Normally, to make a loose cube tighter, you switch out the springs to harder dayan springs but this is a dayan cube soo... idk


----------



## ppugliesi (Mar 10, 2015)

I think I am having the same problem... Reversed. Maybe. 
I like my cubes loose, but if I give this set up for the DaYan 2x2, it tends to pop a lot. Well, maybe not so much with me (I have friends that are really innacurate turners, I often question myself how they can pop some cubes), but I still find that bugging.
Would somebody be kind to help?


----------



## NewCuber000 (Mar 11, 2015)

Not sure, but I had a Dayan 2x2 once... Still do, but it's my dad's now 
I replaced it with a Moyu lingpo because my Dayan cubes tend to die after a few months, they get a lot slower and then I try to tension it and the cube ends up completely terrible, with no tensions working for it.

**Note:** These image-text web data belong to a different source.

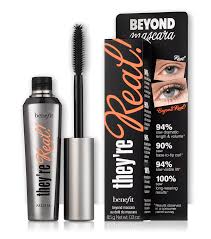 REVIEW: Benefit They’re Real! Mascara – Makeup With Mia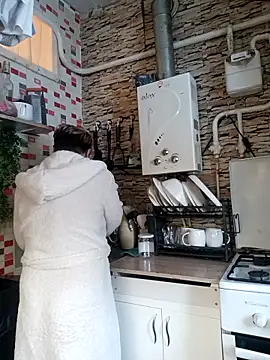 Snapshot of MilkySky chatting on January 17, 6:39 am MilkySky online show from January 17, 6:39 am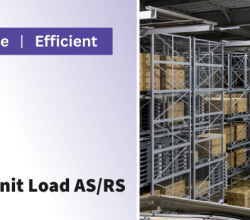 Automated Pallet Storage And Retrieval System | Daifuku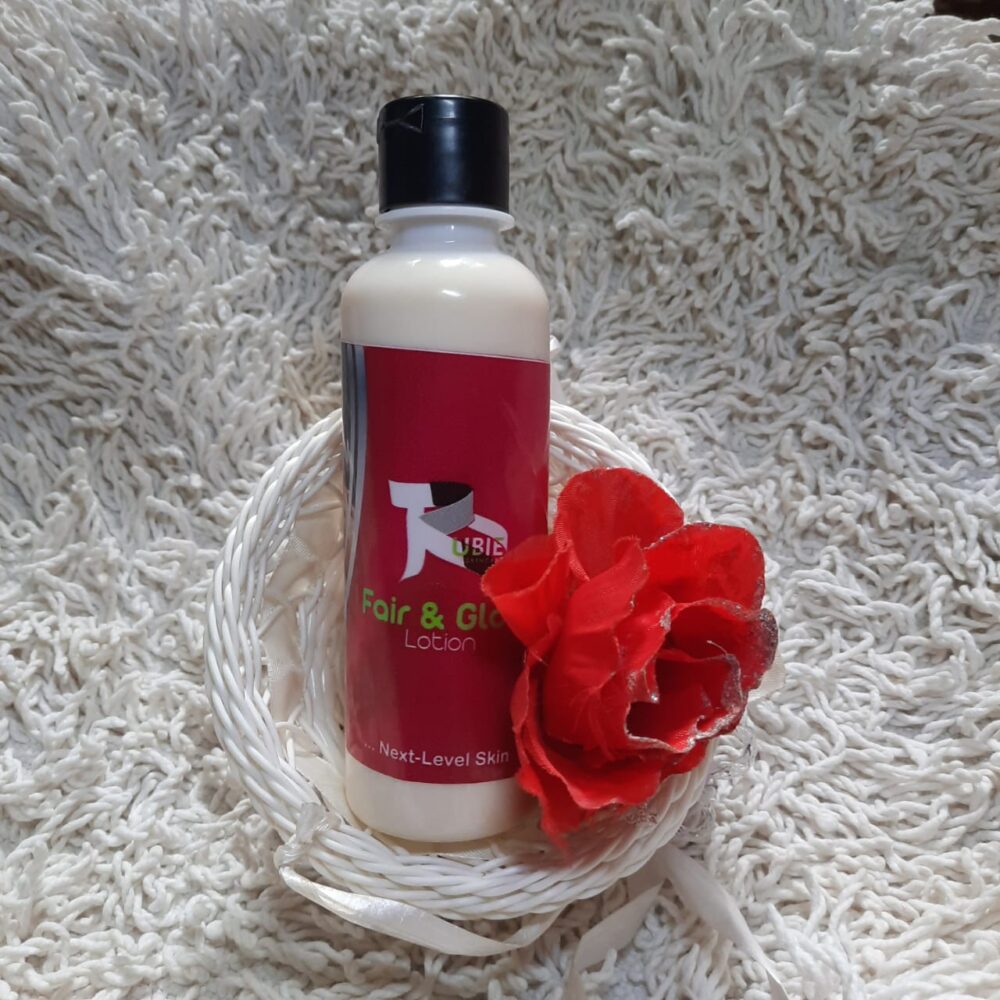 rubieskincare-fair-&-glow-lotion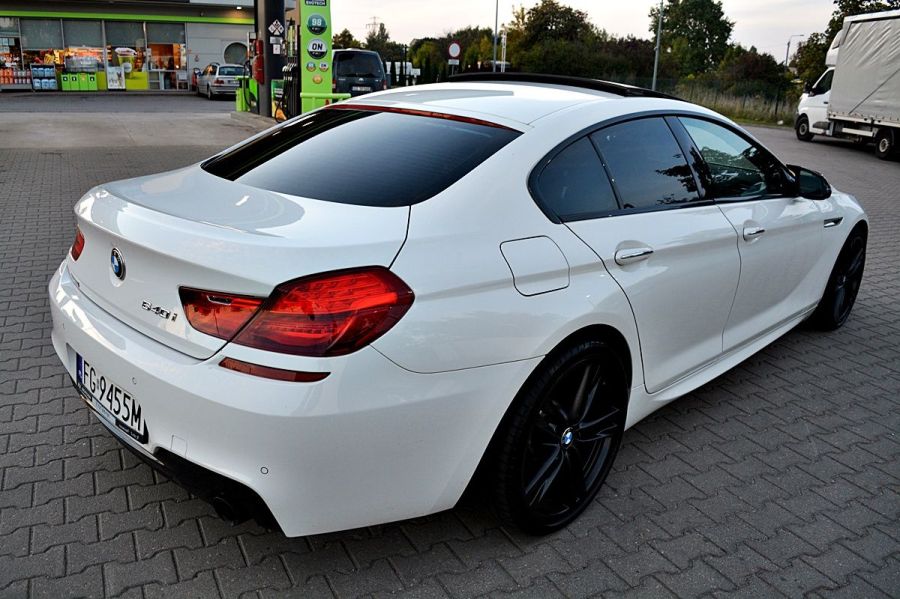 BMW Seria 6 640i M Sport Edition: zdjecie 99533003
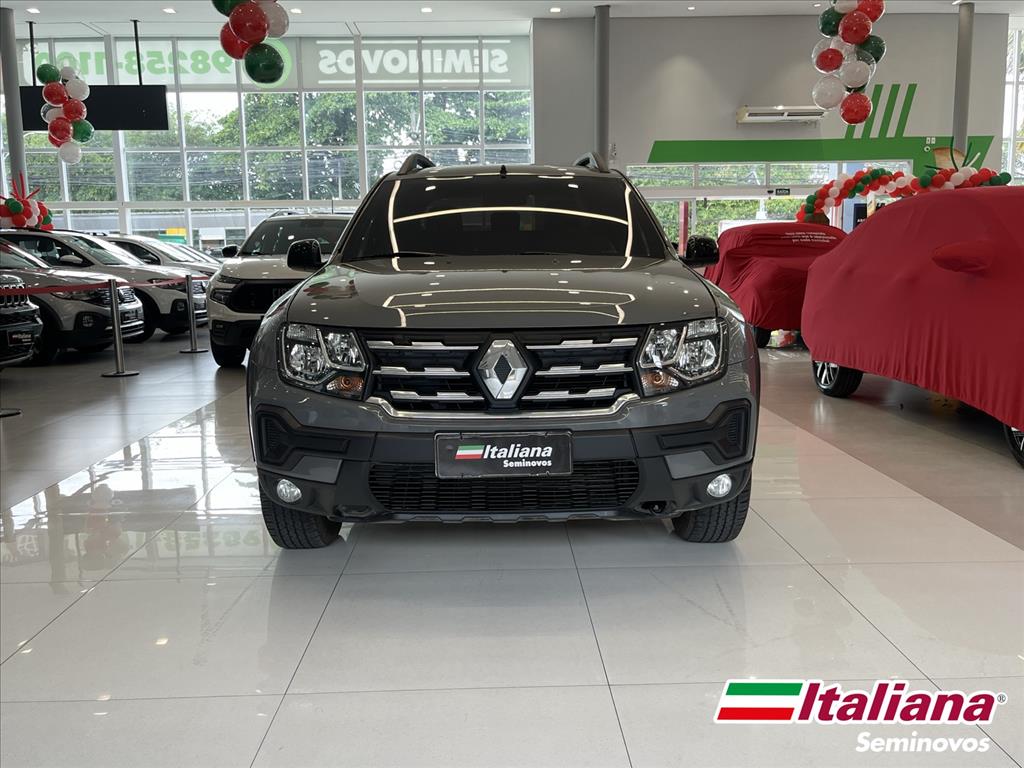 OROCH 1.6 16V SCE FLEX ICONIC MANUAL7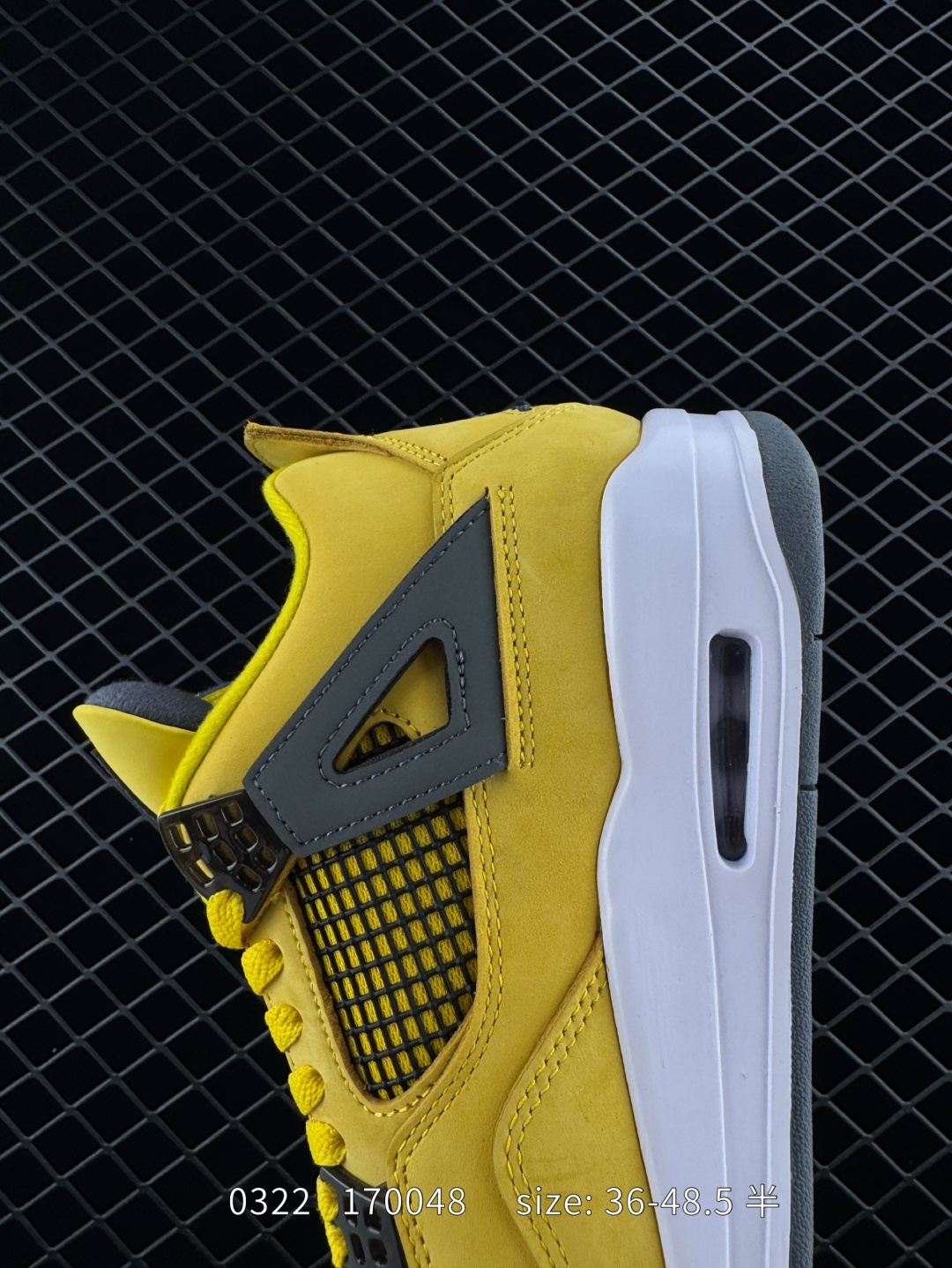 Nike Air Jordan 4 Retro LS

I promote Moyu cubes way too much yes, but if you really want a good 2x2 that doesn't pop you should get a Moyu lingpo  I've completely disassembled it (Core, screws and all), lubed it, tensioned it (Using traxxus 30k diff oil) and put it back together and I don't recall it ever popping on me. It also has great corner cutting and is pretty fast. (WARNING: Difficult to reassemble. Putting in the last corner takes a lot of effort. But obviously if you get it don't give up on it, I've assembled it twice and got through it with YouTube videos)


----------



## Seanliu (Mar 11, 2015)

NewCuber000 said:


> Not sure, but I had a Dayan 2x2 once... Still do, but it's my dad's now
> I replaced it with a Moyu lingpo because my Dayan cubes tend to die after a few months, they get a lot slower and then I try to tension it and the cube ends up completely terrible, with no tensions working for it.
> 
> I promote Moyu cubes way too much yes, but if you really want a good 2x2 that doesn't pop you should get a Moyu lingpo  I've completely disassembled it (Core, screws and all), lubed it, tensioned it (Using traxxus 30k diff oil) and put it back together and I don't recall it ever popping on me. It also has great corner cutting and is pretty fast. (WARNING: Difficult to reassemble. Putting in the last corner takes a lot of effort. But obviously if you get it don't give up on it, I've assembled it twice and got through it with YouTube videos)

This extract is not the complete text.